Christmas is coming up and the thought of him not being here is painful. We would like to do the same thing, by purchasing toys that Preston loved, except this time, for the whole floor and we hope to make it a tradition, honoring our son. For the boys we thought it would be appropriate to get a Hess truck. Hess releases their new truck of the year around the holidays. Playing with all of his Hess trucks was by far the highlight of everyday for Preston. These were his favorite toy and he was often on the floor begging for all of us to play with him, pushing them all around the room. For the girls, we thought it would be nice to get art canvases with painting supplies. Preston loved to paint. I know that his paintings are treasured in our home today and we are so fortunate to have so many of his wonderful drawings. We have shared this idea with a few family and friends and some have wanted to help and asked that we post this. If you are interested in helping us purchase art supplies or Hess trucks, please contact me. Although Preston himself will not be able to enjoy these toys, we know he will take great joy in watching from above all the kids on the floor getting to enjoy them and I know James and I take comfort in that we feel like we are buying him presents and celebrating Christmas with him.
I want to apologize also to everyone who sent flowers, cards, or donations for not mailing out their thank you cards. They have been done for months. They are sitting in a box under my dresser ready to go out. I will never be able to mail out birthday invitations or anything else like that for Preston again. I know it may seem silly to some, but I can't help but feel that once I mail out these thank you's, that is it. It is not the last card I would ever have imagined mailing out to people for him and I am not ready. Someday you may receive it but please know, James and I thank you all, from the bottom of our hearts.

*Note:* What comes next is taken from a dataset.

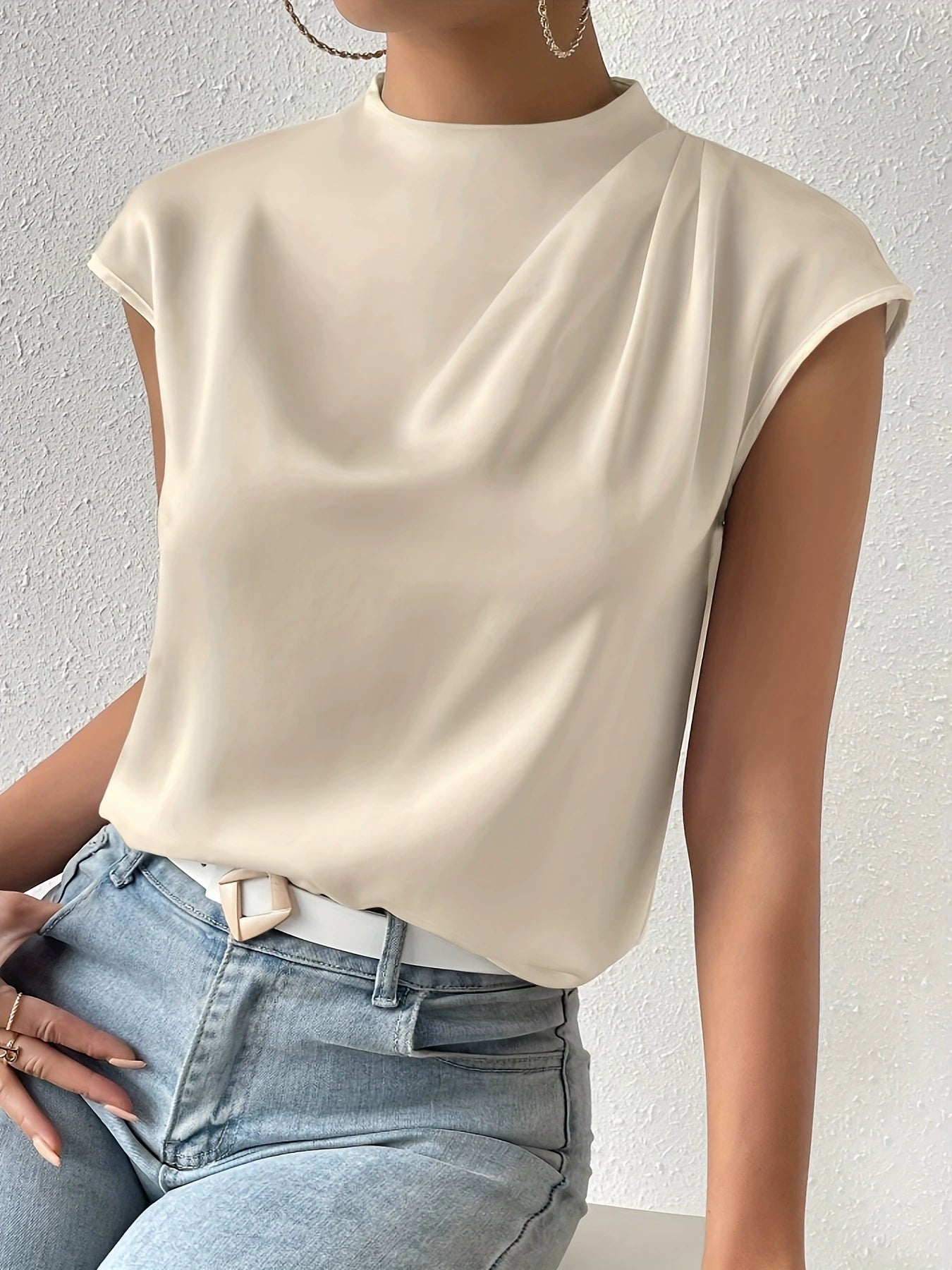 Fia Top | Sleeveless Draped High Neck Top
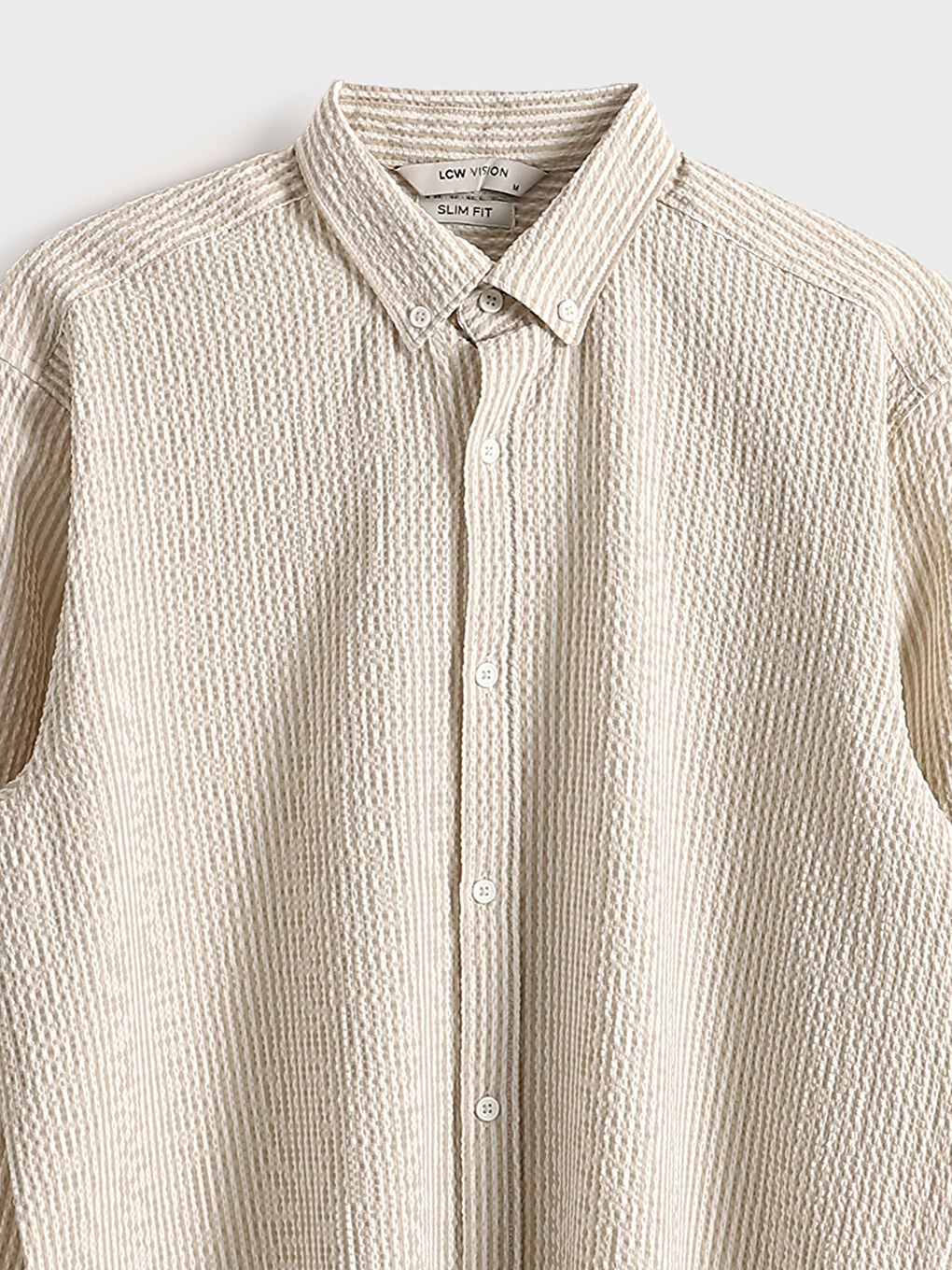 Bej Slim Fit Uzun Kollu Erkek Gömlek-6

James and I want to thank everyone who has supported us throughout this difficult time. It is hard. We have lost friends and we have gained new ones. We are so thankful for our families and I am beyond thankful for my husband and wonderful girls. They keep me strong and going every day. One day at a time, sometimes one hour at a time, we will continue to be as strong as we possibly can. We miss you Preston so much. We love you, and you will always be the best!